Um projeto de lei que prevê a internação compulsória de pessoas em situação de rua com transtornos mentais e uso abusivo de álcool e drogas gerou intensos debates na audiência pública realizada na Câmara Legislativa do Distrito Federal na terça-feira, 26 de maio de 2026. Parlamentares, especialistas e representantes de movimentos sociais manifestaram preocupações sobre os riscos de violações de direitos humanos, mesmo com a promessa de tratamento humanizado em unidades especializadas.

Preocupações com violações de direitos

Durante a discussão, diversos participantes alertaram que a medida pode afastar ainda mais a população vulnerável em vez de oferecer suporte efetivo. Thiago Manzoni, do Movimento Nacional da População em Situação de Rua, destacou que a internação sem consentimento pode violar direitos e aprofundar a exclusão social. Ele defendeu políticas focadas em moradia e trabalho em vez de recolhimento forçado.

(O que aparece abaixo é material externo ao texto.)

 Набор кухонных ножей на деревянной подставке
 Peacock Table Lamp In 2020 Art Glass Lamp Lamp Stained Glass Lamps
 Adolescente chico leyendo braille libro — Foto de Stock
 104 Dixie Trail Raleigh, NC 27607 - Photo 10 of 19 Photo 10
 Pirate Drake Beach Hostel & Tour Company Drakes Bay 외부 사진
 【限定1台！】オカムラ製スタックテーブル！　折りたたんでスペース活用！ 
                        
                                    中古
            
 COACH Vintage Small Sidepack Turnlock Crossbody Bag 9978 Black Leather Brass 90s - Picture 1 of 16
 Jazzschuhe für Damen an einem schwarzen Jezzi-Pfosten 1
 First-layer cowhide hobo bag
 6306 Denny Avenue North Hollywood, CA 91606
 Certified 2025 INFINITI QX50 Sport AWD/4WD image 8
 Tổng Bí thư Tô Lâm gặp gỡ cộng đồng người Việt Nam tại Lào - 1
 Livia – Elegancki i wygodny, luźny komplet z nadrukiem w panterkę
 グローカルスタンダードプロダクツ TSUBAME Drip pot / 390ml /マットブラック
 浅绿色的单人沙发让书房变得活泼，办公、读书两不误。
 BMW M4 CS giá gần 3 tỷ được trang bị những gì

A internação sem o consentimento da pessoa pode violar direitos e afastar ainda mais quem já está vulnerabilizado. Precisamos de políticas de moradia e trabalho, não de recolhimento forçado

Thiago Manzoni

O deputado Gabriel Magno (PT) reforçou que não se deve abrir brechas para violações, lembrando que o SUS possui diretrizes claras sobre saúde mental que precisam ser respeitadas para evitar retrocessos.

Críticas à ausência de prevenção

Max Maciel (PSOL) ressaltou que a internação compulsória deve ser exceção e nunca a regra, priorizando prevenção, assistência territorial e oferta de moradia digna. A psicóloga Dayse Amarilio apontou que muitas vezes a internação se torna a única resposta por falta de leitos e equipes de rua capacitadas, expondo falhas estruturais do sistema.

A internação compulsória deve ser exceção, nunca a regra. O foco tem que ser na prevenção, na assistência territorial e na oferta de moradia digna

Max Maciel

Os debatedores concluíram que ampliar a rede de atenção integral sem recorrer ao recolhimento forçado continua sendo o principal desafio para garantir cuidado digno sem criminalizar a pobreza.